Diğer yönünü anlatırken de AKP'nin küresel düzeyde neoliberal sistemle iç içe olan ilişkisini vurguladı.

"Küresel düzeyde rekabet edebilecek ve bunu özelleştirmeyle sermayenin çıkarları doğrultusunda ve buna ilişkin emek gücünü yetiştirebilecek bir düzenleme yapması lazım."

Uygulamanın iki sebebi


Neoliberal düzende performans ve kalite kültürü kavramlarının hiç de masum olmayan anlamlar yüklenerek karşımıza çıktığını anlatan Gök, bu kavramların "toplumu yeniden eşitsiz biçimde düzenlemeye yönelik bu çerçevenin içinde bir enstrüman olarak" karşımıza çıktığını belirtti. "Yani emek gücünün daha verimli bir şekilde yetiştirilmesinden söz ediliyor."

Çocukların özgürce potansiyellerini geliştirebilecekleri, ifade özgürlüğünü kullanacakları, barış için, özgürlük için pek çok şey yapılması gerektiğini, böyle bir okul iklimi olması gerektiğini anlatan Gök, şimdi daha sıkı bir okul disiplinine gidecek bir yolun açıldığını anlattı.

"Bunun bir tarafı dinci bir muhafazarlık, diğer tarafı ise 'nitelikçi' ve özelleştirmeyle daha sıkı kontrol edilebilecek bir düzenin insanlarını yetiştirmek."

Eğitimin acil sorunları


Prof. Gök'e göre bu uygulamalara rağmen süreç daha bitmedi.

"4+4+4 çok acildi AKP için, çünkü hem 28 Nisan'ın rövanşını almak gibi bir istek vardı hem de bir an önce imam hatiplerin ortaokulunu açmak istiyorlardı."

Oysa yapılması gereken çok daha güncel, acil konular olduğunu söyledi Gök. Türkiye eğitim sistemindeki sınıfsal temeldeki eşitsizliğe vurgu yaparak, eşitliği öne alan, toplumsal cinsiyet bazında eşitsizlikleri düzeltmek üzere pek çok politika uygulanması gerektiğinden söz etti.

"Biz şehirlerdeki yoksul mahallelerdeki getto okulların durumunu biliyoruz. Şimdi anadilinde eğitim gibi temel bir hakkın seçmeli verileceğini, onu da büyük bir lütuf olarak söylüyorlar. Halbuki insan anadilini seçmeli öğrenemez. Anadili Kürtçe olmayanlar bunu seçebilir, çok da iyi bir politikadır o anlamda...

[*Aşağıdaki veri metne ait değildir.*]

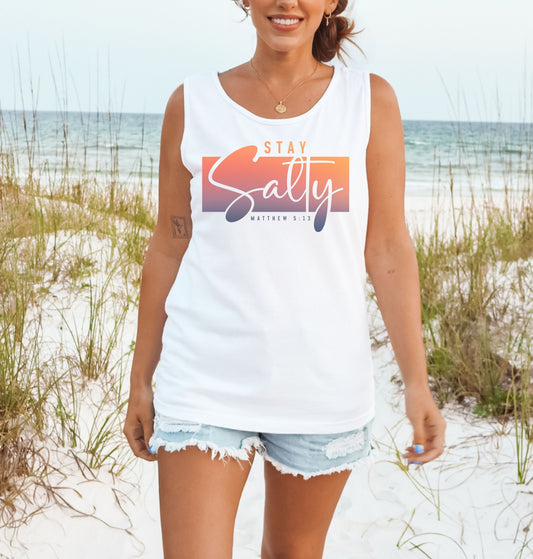 Stay Salty Matthew 5:13 Tank Top | Christian Scripture Summer Top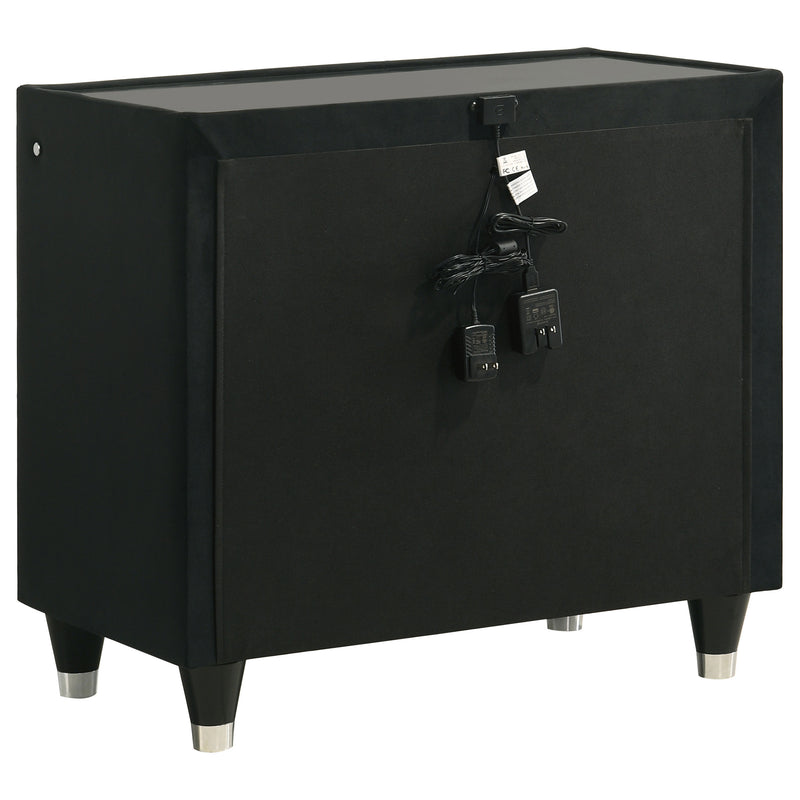 Mesita de noche Lorient con 2 cajones, USB y LED, color negro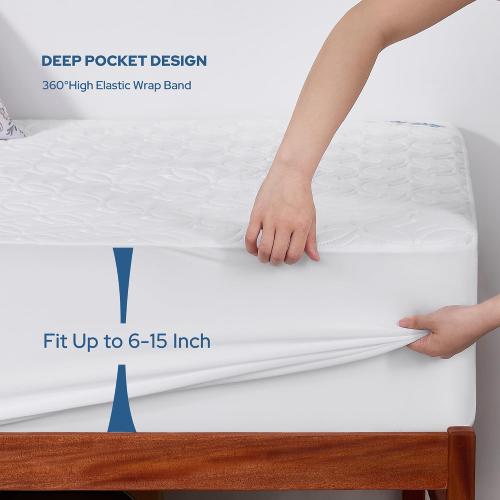 BEDLORE Waterproof Mattress Protector, Twin Size Mattress Pad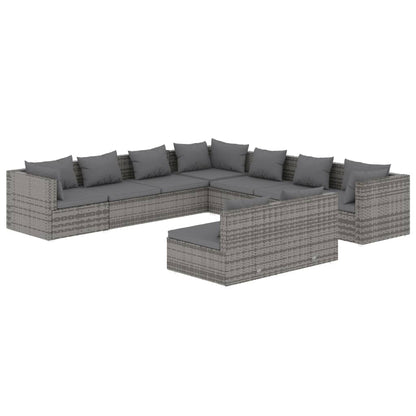 9-Delige Loungeset Met Kussens Poly Rattan 1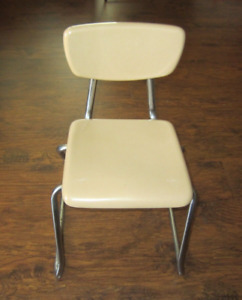 VIRCO Mid-Century Modern Kids Size School Classroom Student Chair Tan / Beige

"Keza engelliler için daha kötü olacak 4+4+4 yasasının uygulanması. Biz kaynaştırma eğitimi politikalarını önemsiyoruz. Bu uygulanmaya başlamıştı Türkiye'de. Şimdi onlar için hayat daha zor olacak."

MEB ders saatlerini arttıracak


MEB başlattığı yeni çalışmayla ders saatlerinin ve okul günlerinin sayısını arttırmayı planlıyor.

MEB'in verdiği bilgilere göre Türkiye'de bir yılda 180 iş günü yani 36 hafta eğitim yapılıyor. Yapılan çalışma sonucunda 180 iş günü olan eğitim süresinin değiştirilmesi planlanıyor. Buna göre, bir yıllık eğitim süresi 190-220 gün arasında belirlenecek.

Ayrıca ilkokul 1. sınıftan 8. sınıf sonuna kadar yıllık 720 saat ders süresinde de sınıflara göre düzenleme yapılacak, 1. sınıftaki öğrenciyle 8. sınıftaki öğrencinin toplam ders saati farklı olacak.